Imprescindibile capolavoro di Bass.
La classe non è acqua. Strepitoso Eco-vengeance firmato dal più grande titolista di tutti i tempi. Una razza di formiche super-intelligenti dichiara guerra all'umanità. Le difese crollano, solo un terzetto di sopravvissuti, rifugiatosi in un laboratorio in pieno deserto, tenterà di fronteggiare la terribile minaccia.
Basterebbe la presenza di Lynne Frederick (bellissima attrice, ex moglie di Peter Sellers, morta a soli 39 anni per problemi di alcool) ad elevarlo nell'olimpo dei titoli degni di recupero, ma si farebbe un torto a Saul Bass che sa benissimo cosa e come raccontare; bastano pochi elementi per rappresentare la fine dell'uomo e saturare l'atmosfera con un palpabile senso di morte e desolazione. La visione del regista è agghiacciante e si avvicina a certo cinema catastrofico possibile solo nei seventies che ha in No Blade of Grass (2000 La fine dell'uomo [1970] di Cornel Wilde) il punto più alto e cupo.

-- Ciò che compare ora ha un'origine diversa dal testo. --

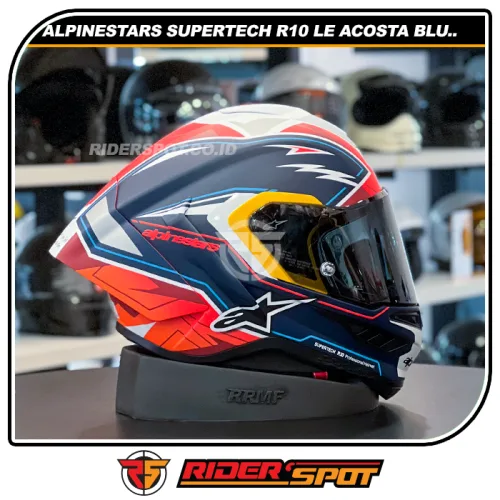 ALPINESTARS Supertech R10 LE Acosta Blue / Red / White Matt Helmet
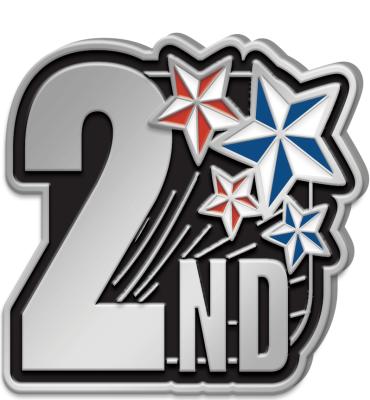 2nd Place Pin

Non a caso i protagonisti principali di questa pellicola (Nigel Davenport e la Frederick) ritornano nel film di Bass che rimane l'unico lungometraggio prodotto dall'artista originario del Bronx. Guardatevi l'incipit. Quanto di più lontano dal "gigantismo" di Bert I. Gordon si sia mai girato nei selvaggi settanta. Per chi scrive capolavoro. INTERPRETI: Lynne Frederick, Michael Murphy, Nigel Davenport, Alan Gifford, Robert Henderson, Helen Horton.